In the Talmudic period the Biblical angelology was elaborated and enriched in three directions: angelic ministration was frequently inferred in Biblical narratives which made no mention of it, thus broadening the concept of angels as intermediaries be tween man and God; the personality of the angels was more clearly delineated through an effort to describe them, to name the more important ones, and to accord them peculiar spheres of influence, so that we have "princes" of fire, of hail, of rain, of night, of the sea, of healing, and so on; and finally they were appointed man's guardians to accompany him through his daily routine. The Essenes were said to have possessed an especially well-developed angel-lore, and the Enoch literature, reflecting Gnostic sources, had much to say concerning them, and implied their control of nature, man, and the future.

Along with this elaboration of angelology went its practical corollary, the utilization of angels in magic. The Talmud, though speaking often of angelic apparitions, knew nothing of the conjuration of angels as distinguished from the conjuration of demons.

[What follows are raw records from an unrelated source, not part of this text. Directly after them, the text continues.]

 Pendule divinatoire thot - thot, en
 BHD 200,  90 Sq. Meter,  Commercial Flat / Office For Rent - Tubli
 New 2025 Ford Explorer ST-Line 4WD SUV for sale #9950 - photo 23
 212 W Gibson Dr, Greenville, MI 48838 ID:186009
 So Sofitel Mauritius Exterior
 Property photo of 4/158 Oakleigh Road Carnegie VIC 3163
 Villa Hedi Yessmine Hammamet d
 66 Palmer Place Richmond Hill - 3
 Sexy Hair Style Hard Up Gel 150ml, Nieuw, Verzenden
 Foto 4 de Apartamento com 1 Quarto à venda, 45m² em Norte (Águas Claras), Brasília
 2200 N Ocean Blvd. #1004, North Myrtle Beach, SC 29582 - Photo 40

At most, there appears to have existed during the Talmudic period the practice of calling upon, or praying to the angels, as intermediaries before God, to intercede in a crisis.

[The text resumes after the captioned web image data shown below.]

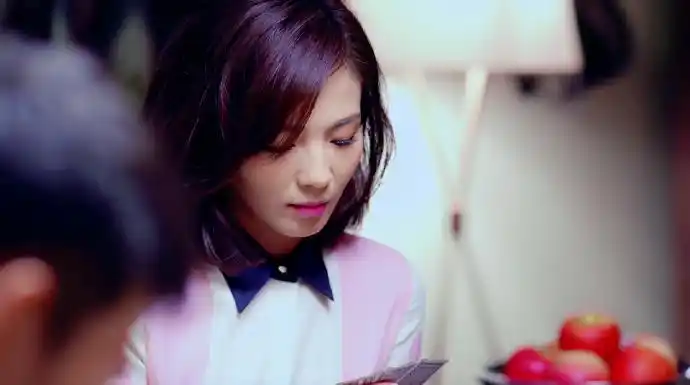 安迪刘涛##刘涛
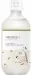 Round Lab - SOYBEAN - Toner - Tonik do twarzy - 300 ml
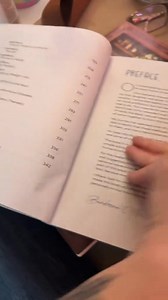 22 reactions | Now Available as an eBook! Sustain Me is your ultimate guide to living a balanced, mindful, and sustainable life!  In this eBook, you'll find practical tips to help you: ✅ Boost your energy ✅ Cultivate self-care ✅ Embrace eco-friendly living ✅ Create joy and balance in your life Grab your copy today and start your journey to a healthier, more sustainable YOU! Available now! | Blissful Rems | Facebook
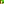 Destellos dst-8510248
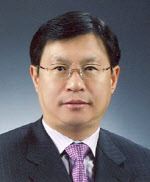 박래헌 국장님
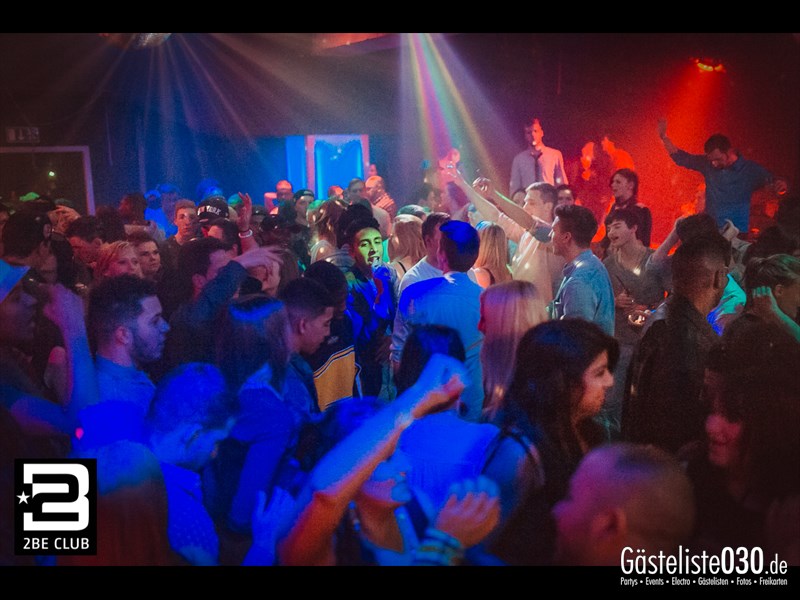 https://www.gaesteliste030.de/Partyfoto #46 2BE Club Berlin vom 31.12.2013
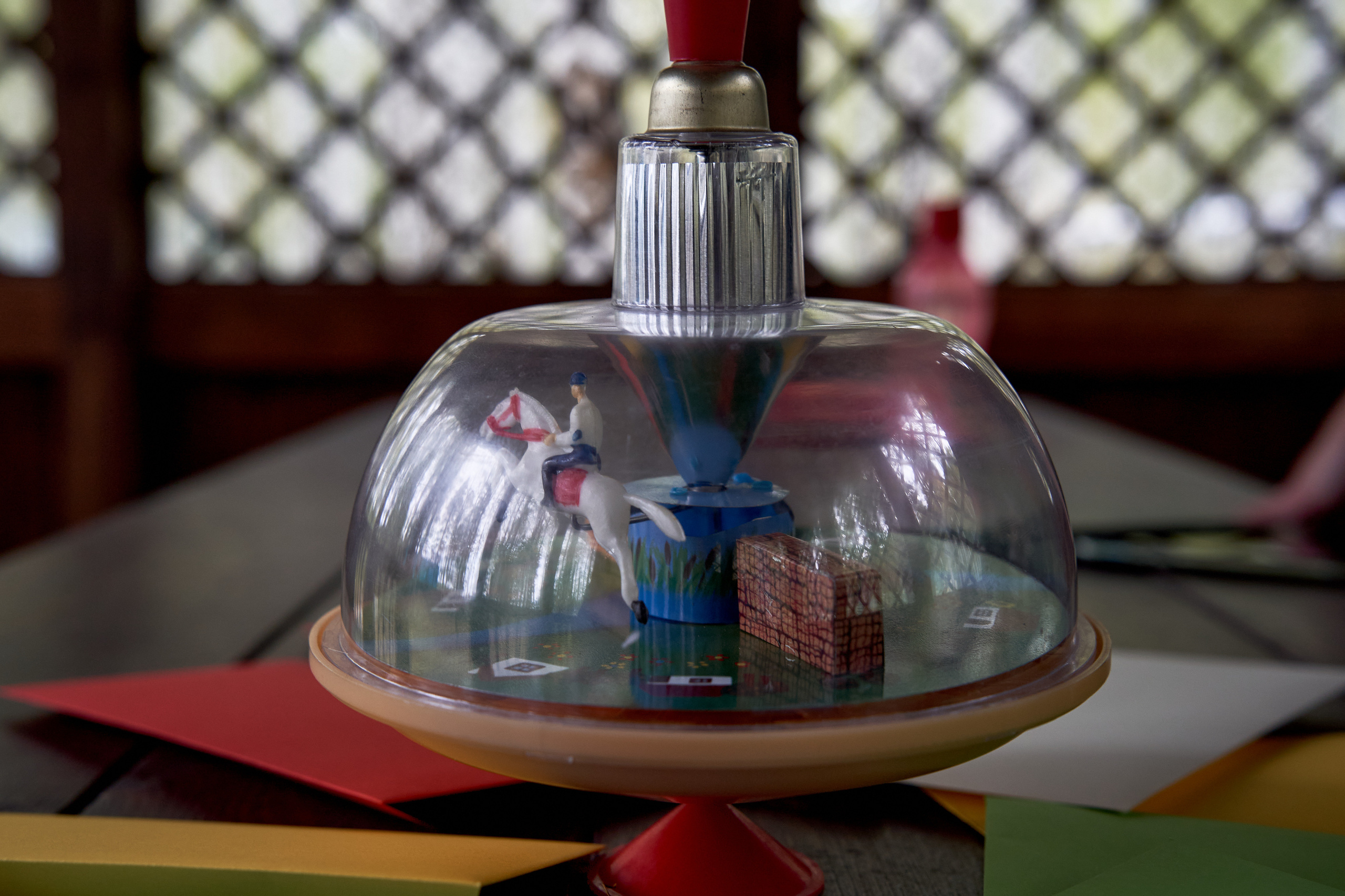 СТРЕЛЕЦКИЙ ДВОР репортажная съёмка. Мартазова Екатерина фотограф. Екатеринбург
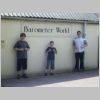 20030805_005.html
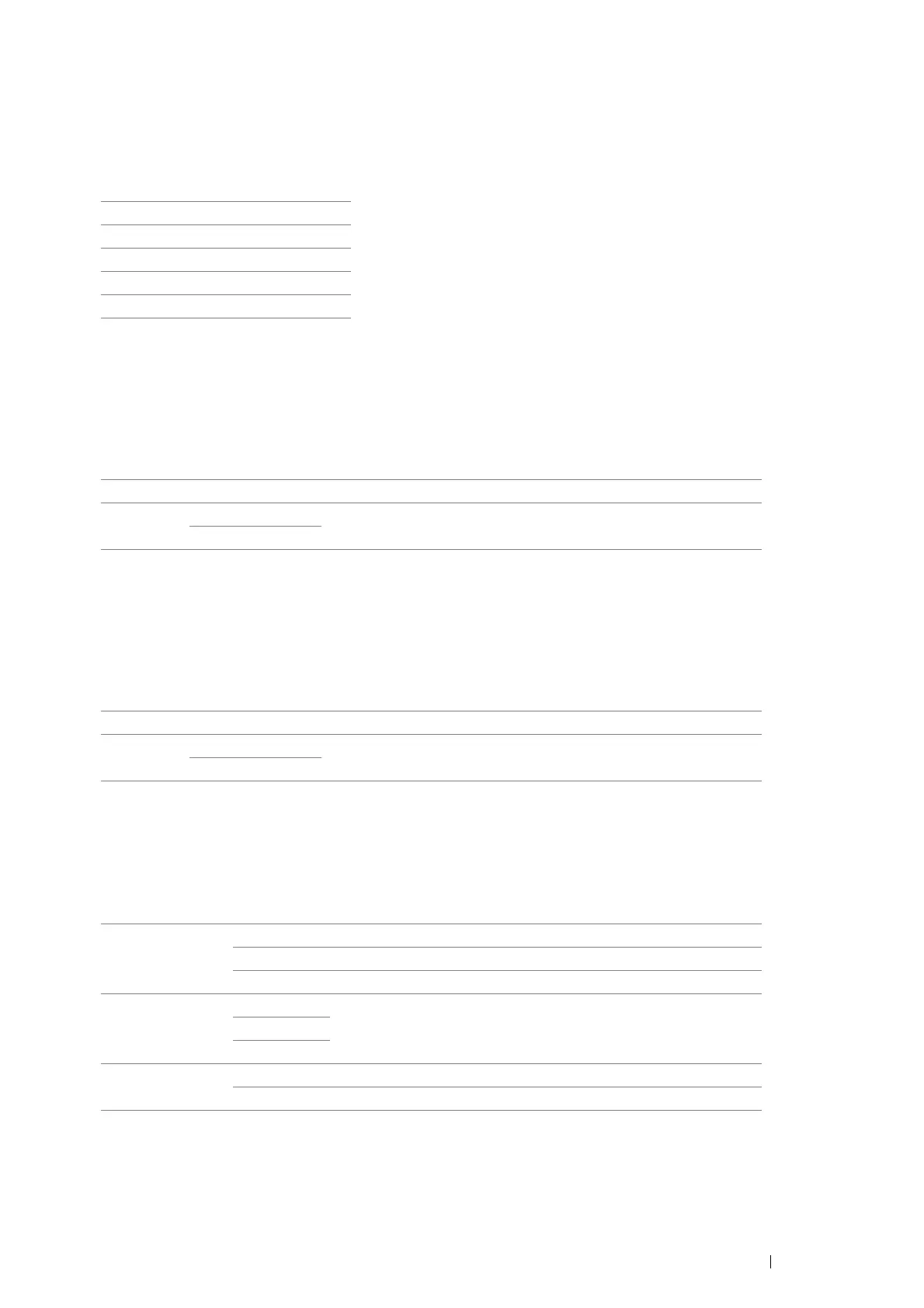 Page #121 background image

By this later period, Talmudic prayer had been transformed into a magical invocation.  This was the foundation upon which thirteenth-century German-Jewish mysticism built an imposing structure of angel-magic.

One characteristic of the angels, in particular, merits attention both because of the frequency with which it was mentioned, and because of its practical consequences for religious and magical rites. Petitions were often addressed to heaven by way of the intervening angels. God, omniscient, comprehends all tongues, but the official language of the celestial court is Hebrew, and unfortunately the angels are monolingual ( or, it may be, if they do have knowledge of foreign languages they choose to ignore communications addressed in them.) This principle was advanced in the Talmud, and since Aramaic was the spoken language of the people, the warning against praying in Aramaic was made especially emphatic. Only in the sick room might one employ other tongues than Hebrew, for there the Shechina, the Presence of God, was believed to hover over the head of the invalid, and received the prayer directly. This belief persisted in the Middle Ages and was utilized to explain, if weakly, the Aramaic prayers that are to be found in the ritual, and in particular, certain Aramaic lines in the Kaddish: they were couched in this language so that they might be unintelligible to the angels, for their contents were such as might annoy them, or arouse their envy of the superlative piety of the Jews. It was this belief too that made necessary the bestowal of a Hebrew name upon every Jew, in addition to his secular name, and the use exclusively of the Hebrew name in the course of a religious rite, for the angels certainly could not be expected to recognize an individual by any other.

Do angels speak English?  For our sake, let’s hope not.